La disposition adoptée interdit à la Réserve fédérale et à ses banques régionales de créer, émettre ou proposer tout actif numérique qui s’apparenterait de près ou de loin à une CBDC de détail. La formulation est large : tout instrument « substantiellement similaire » à une monnaie numérique de banque centrale tombe sous le coup de cette interdiction, valable jusqu’au 31 décembre 2030.
Le texte original ne portait pas sur la politique monétaire. Il s’agit d’un amendement greffé au projet de loi sur le logement abordable, une tactique législative rodée à Washington pour faire passer des mesures controversées. Les élus républicains, qui portent le sujet depuis 2023, ont réussi à maintenir cette disposition malgré le caractère hybride du véhicule législatif.
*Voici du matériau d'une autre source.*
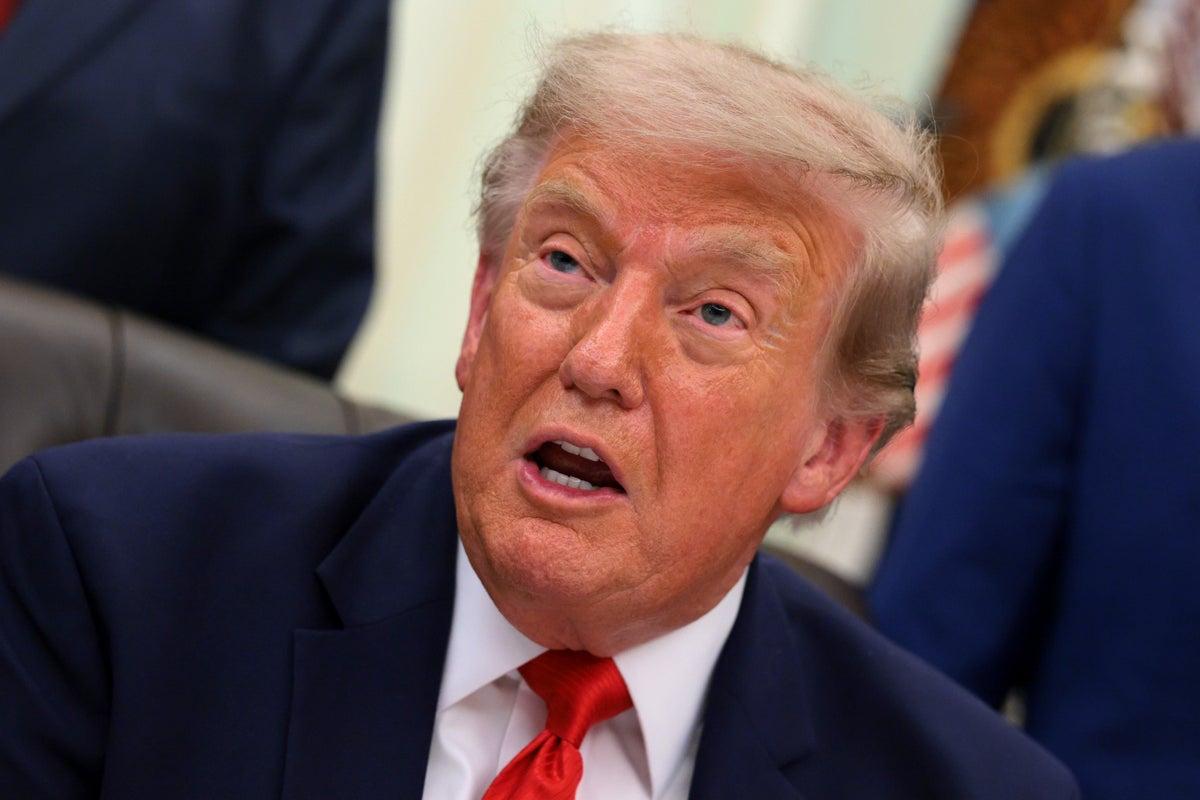 Trump Claims to Have Watched Fauci Senate Hearing Despite Ongoing Crises Trump Claims to Have Watched Fauci Senate Hearing Despite Ongoing Crises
Le Sénat n’a pas hésité à inclure des restrictions similaires dans des textes sans rapport direct, comme l’illustre la bataille autour de l’homologation des exchanges crypto en Europe.
Pourquoi une telle hostilité politique envers une CBDC américaine ?
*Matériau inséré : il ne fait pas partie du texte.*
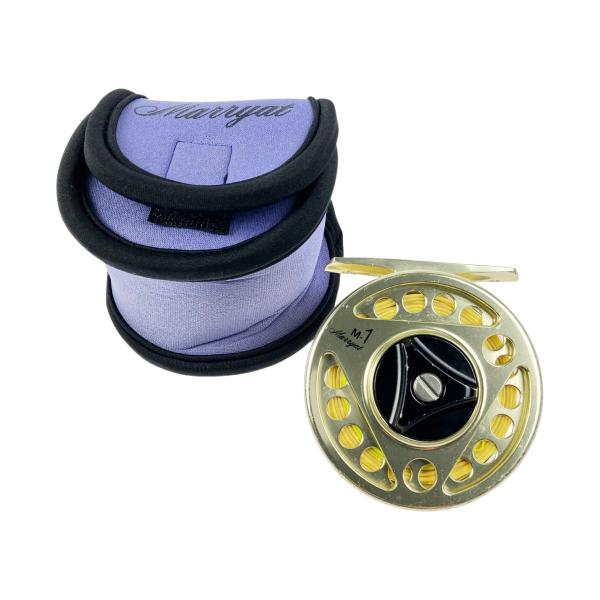 SMITH LTD スミス フライリール マリエットラージアーバー M-1 傷や汚れあり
La surveillance des transactions crypto est au cœur du rejet républicain. Pour les élus conservateurs, une CBDC donnerait à l’État fédéral une capacité de traçage direct des dépenses des ménages, avec la possibilité technique de geler ou de conditionner des fonds. Cette position est martelée depuis 2022 par des figures comme le gouverneur de Floride Ron DeSantis.
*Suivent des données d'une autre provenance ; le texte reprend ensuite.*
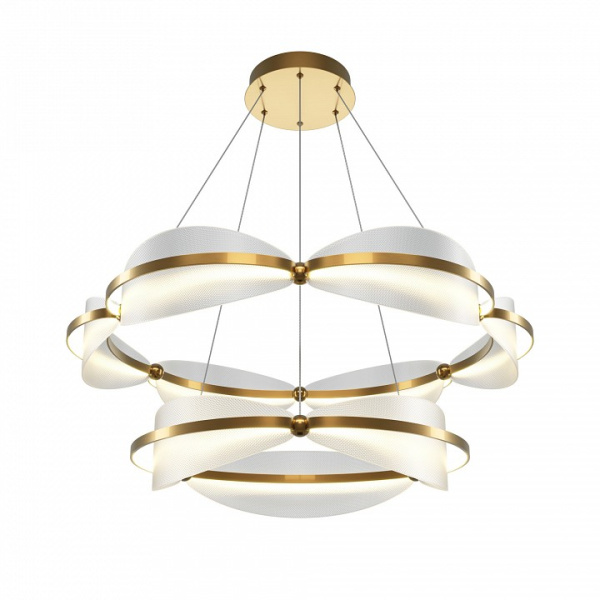 Подвесная люстра Maytoni Бриз MOD281PL-L80BS3K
Le nouveau président de la Fed, Kevin Warsh, a enfoncé le clou lors de son audition de confirmation au Sénat. Il a qualifié le dollar numérique de « mauvaise politique », estimant que la Fed ne dispose ni du mandat ni de l’architecture opérationnelle pour gérer des comptes de détail numériques. Cette déclaration a pesé lourd dans un vote où 85 sénateurs se sont rangés derrière l’interdiction, un score qui dépasse très largement les clivages partisans habituels. Le précédent exécutif avait lui-même ouvert la voie : dès janvier 2025, un décret présidentiel de Donald Trump interdisait à toute agence fédérale de travailler sur une CBDC. Le débat rappelle les tensions autour des paiements en cryptomonnaies au Brésil, où le législateur a aussi tranché sur la place du numérique dans le système financier.
Le dollar numérique est-il définitivement enterré ?
Pas encore. Le texte doit maintenant passer devant la Chambre des représentants. Si la majorité républicaine y est également favorable au blocage des CBDC, le calendrier parlementaire chargé pourrait retarder le vote. Une fois adopté par les deux chambres, le projet de loi sera transmis au président Trump, dont la signature ne fait guère de doute compte tenu du décret de janvier 2025.
La fenêtre d’interdiction de 4 ans choisie par les sénateurs est stratégique. Elle dépasse l’horizon du mandat présidentiel en cours et verrouille le sujet jusqu’à la prochaine décennie. Aucun État étranger ne peut contourner cette prohibition : l’amendement stipule clairement que la Fed ne peut ni émettre, ni faciliter indirectement l’émission d’une CBDC par une entité tierce. Les partisans des monnaies numériques de banque centrale, minoritaires à Washington, misent désormais sur un lobbying de long terme. La position isolationniste américaine tranche avec les initiatives d’autres blocs, à l’image de la plateforme CBDC mondiale envisagée par le FMI ou des projets pilotes en Asie du Sud-Est comme au Cambodge.
À retenir
Le Sénat a posé un verrou de 4 ans sur le dollar numérique de banque centrale. La décision, soutenue par la Maison Blanche, réduit à zéro la probabilité d’une CBDC américaine avant 2031. Les acteurs du secteur, qui redoutaient un stablecoin public concurrent, peuvent souffler. Le prochain feu vert législatif dépend désormais du calendrier de la Chambre des représentants, où la dynamique politique reste alignée sur le rejet de toute forme de monnaie numérique fédérale.